We hop in a taxi to the after after party, someone’s birthday party in their flat. We FaceTime J’s girlfriend A2 on the way there, she’s going to a wedding and we talk to her dog. At the after after party, the birthday boy let’s us in. The party is so crowded we physically can’t enter. Everyone inside is crushed in like tinned fish. J manages to barely squeeze into the entrance then pops back out and says “Dean Kissick is here.” In the hallway outside, a guy with a pouch full of mushrooms gives a dose to H. We follow mushroom guy out to the garden behind the flat. He reminds me of the stereotypical bloke you’d find in a movie, smarmy asshole for jokes but actually a nice guy underneath it. G’s german friend C loses her temper when he starts talking about how much he loves the king’s tailoring. Some girl in all white comes out and introduces herself by simply asking “does anyone have coke?” so we try to get her to try H’s snuff but she calls us pussies and leaves.

As we walk into the party they’re playing da 445.ceo so I know someone at the party has good taste. J immediately hi-jacks the aux and plays Help! by the The Beatles. Some people are bummed out but I hear Dean Kissick somewhere in the background say “this is actually a really good song.” J quickly gets kicked off the aux after playing Something by The Beatles. Someone is playing Charli XCX-tier “dance music.” I start pointing fire headies out. I’m hitting all the milwaukee dances. I can tell some people are getting a kick out of it and others are somewhat disturbed. I’m dancing for about 30-40 minutes, just minding my own business, trying not to take up too much space. The all white “does anyone have coke” girl comes up to me and asks “why are you dancing like that?” I tell her I’m pointing fire headies out. She tells me to loosen my hips so I go into full belly dance mode and she’s impressed because I don’t think she expected that I actually knew how to dance. Then she tries to start grinding with me and I’m definitely not having that so I go back to doing my own dance.

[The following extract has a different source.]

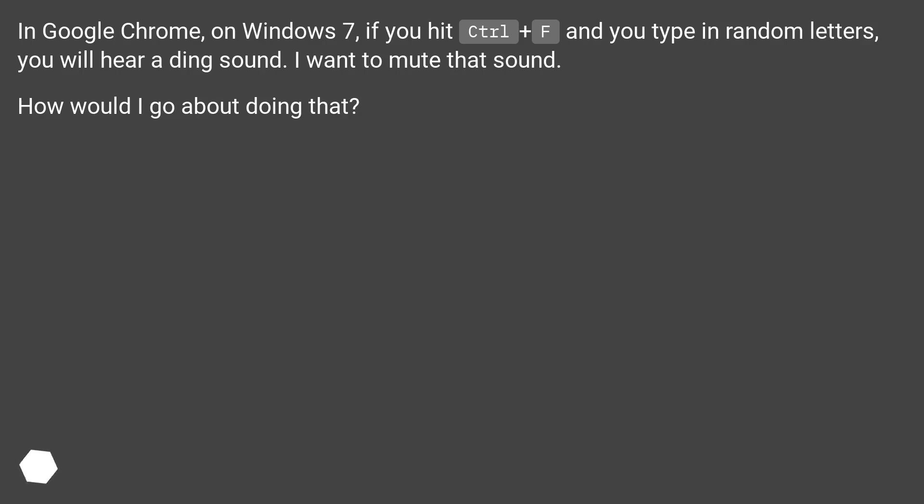if you hit Ctrl plus F and you type in random letters, you will hear a ding sound. I want to mute that sound. How would I go about doing that?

The following, dear reader, is, as with the entirety of this text, to the best of my account, entirely non-fiction. A couple minutes later, the birthday boy comes up to me and asks “what’s your problem? what’s with your hat?” I tell him “No problem, just dancing with my friends.” He is quite serious and says “I want you to leave right now,” I ask why, and he says he doesn’t like my hat and he doesn’t like my dance, according to him I’m embarrassing myself and ruining the party, and I need to leave right now. I’m 100% sure he’s joking, because no one would actually ask someone to leave because of a hat and a dance without any discussion, so I play along with the bit, “oh, you want to wear my hat?” I try to put it on his head, but he takes it out of my hand and throws it across the room, getting all up in my face like he’s trying to start a fight. J immediately jumps into action and shoves him. H quickly throws a bow at him. He grabs J by the face and in response J turns around and does a half-round house kick, really quite expertly grazing the top of the main table in the center of the room, sweeping a huge mess of glass cups and plates still half-full with food off in a loud crash before running out of the room. Everyone in the room starts freaking out. Standing in the middle of the chaos, I light up, take a puff, ash it on the floor with my foot and hopefully leave a permanent mark.

Today was a non-day.

Woke up hung over, didn’t get out of bed until noon. Got breakfast to go and ate it extremely slowly in my flat. Around 4 I head to Walworth for band practice at J from Bad Sip’s flat. We retell the insanity of last night. J2 has a video and the reality of what happened is just as insane if not even crazier than I remember. J and O, the guitarists from Bad Sip, can play our songs better than I’ve ever heard them. We go out for a pint after and then head our separate ways. I go to Ecco Pizza and get a 12” supreme for £12 before heading home and going to sleep. Tomorrow, we take Brighton.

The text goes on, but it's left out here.